START DATA TO USE

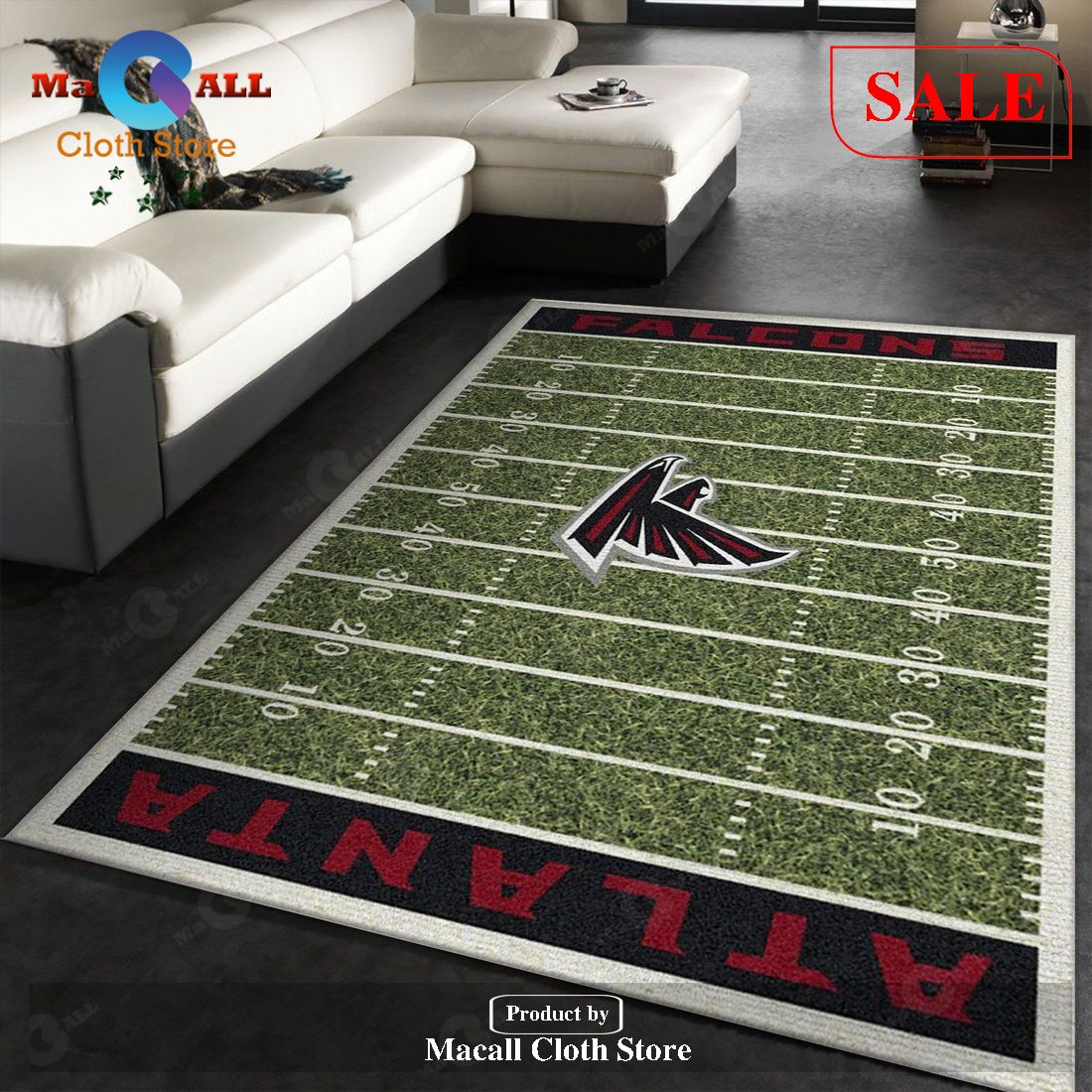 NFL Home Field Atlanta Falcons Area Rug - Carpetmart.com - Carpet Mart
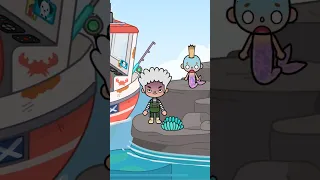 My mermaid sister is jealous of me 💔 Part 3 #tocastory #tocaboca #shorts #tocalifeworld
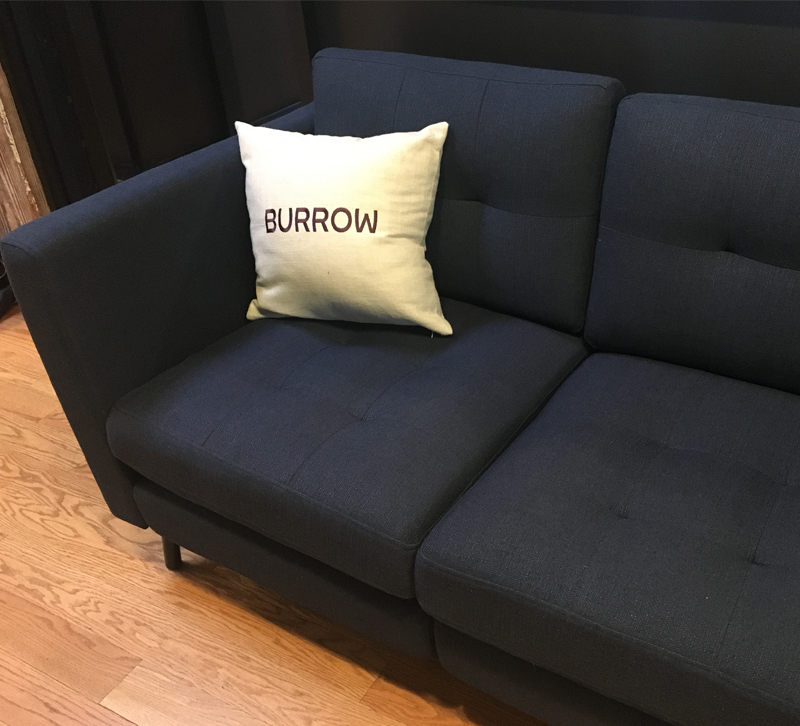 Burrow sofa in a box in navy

END DATA TO USE
START DATA TO USE

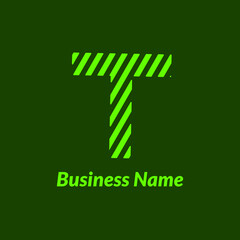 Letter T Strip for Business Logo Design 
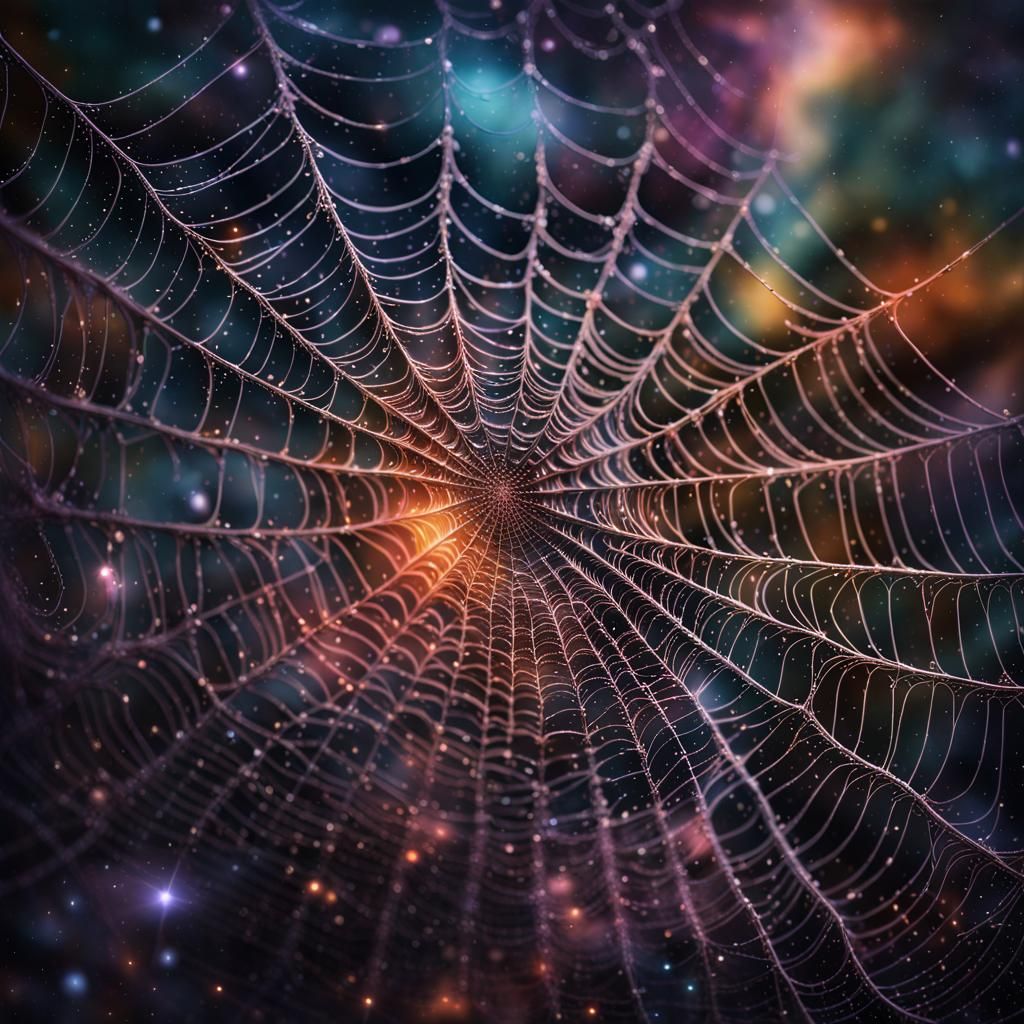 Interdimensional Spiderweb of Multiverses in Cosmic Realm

END DATA TO USE
START DATA TO USE

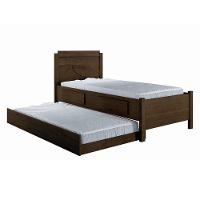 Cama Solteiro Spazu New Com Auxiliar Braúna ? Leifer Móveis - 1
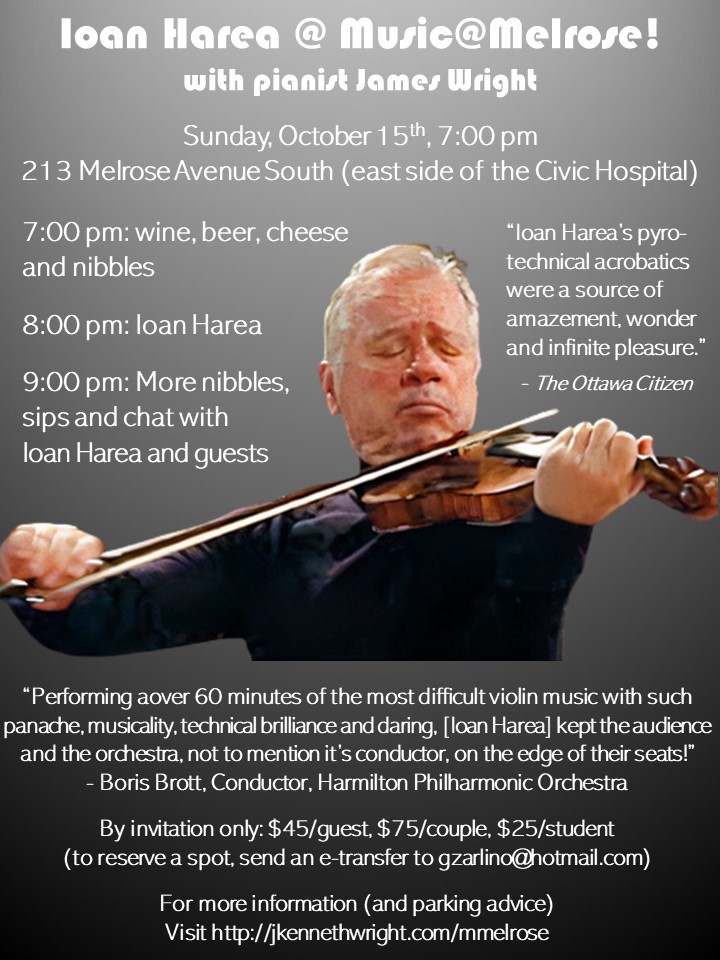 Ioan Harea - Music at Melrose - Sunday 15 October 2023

END DATA TO USE

REQUIRED ACTION
Return exactly the lines above, from the one with "Cama Solteiro Spazu" up to and including the one with "Ioan Harea - Music", and include no pictures.

PROBLEM SOLUTION
 Cama Solteiro Spazu New Com Auxiliar Braúna ? Leifer Móveis - 1
 Ioan Harea - Music at Melrose - Sunday 15 October 2023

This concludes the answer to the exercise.